Seeds of Fiction: Graham Greene’s Adventures in Haiti and Central America, 1954–1983 by Bernard Diederich

Seeds of FictionPico Iyer, foreword. London / Chicago. Peter Owen (IPG, distr.). 2012. ISBN 9780720614886 

In a Time magazine movie review of Graham Greene’s The Comedians, its critic commented that the screenplay had “everything but economy . . . a story that might have been twice as good at half the length.” This might also apply to Seeds of Fiction.

Bernard Diederich, a journalist born in New Zealand, founded an English-language newspaper in Haiti, became a resident correspondent for various US and English papers, was arrested by Papa Doc’s Tonton Macoutes, expelled from the country, and met and traveled with Greene throughout Haiti and Central America. 

Diederich admits to being in awe of his subject, describing his subject as a “warm, self-deprecating man, whose boyish exuberance followed him into old age” and for whom “there was no doubting the sincerity of his concern about the human condition.” Greene never lost his eagerness for adventure, which Diederich vividly describes in his account of their travels in Haiti, the Dominican Republic, and Panama.

Greene’s books usually had appropriate settings: The Power and the Glory (Mexico), The Quiet American (Vietnam), The Heart of the Matter (West Africa), A Burnt-out Case (Central Africa), Our Man in Havana (Cuba), and The Comedians, set in Papa Doc’s Haiti. His writings reflect his latent anti-Americanism (although he forgives English imperialism), which Diederich apologetically excuses as “sympathy for the underdog.” Diederich concentrates on Greene’s Haiti years, reflecting on the concentrated misery and poverty of the people. Greene himself did not aspire to luxurious living per se, although Diederich admits that Graham enjoyed “good food and wine, crisp vodka martinis, and smooth Scotch whisky.”

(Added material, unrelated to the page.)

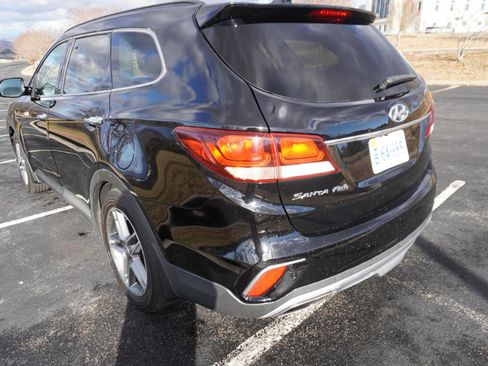 Used 2018 Hyundai Santa Fe SE Ultimate 3.3L Auto w/ SE Ultimate Tech Package 03 image 10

In contrast to previous biographies of Greene depicting his darker side, Diederich attempts to show his humanity: even in his old age, Greene answered letters—an average of 180 per month. And after an exhausting day traveling in the Haiti countryside, Greene quips: “There must be a brothel where we at least can get a cold drink.”

Seeds of Fiction provides an intimate portrayal of one of the great novelists of the twentieth century as well as a fascinating glimpse into a heretofore-obscure period of his life.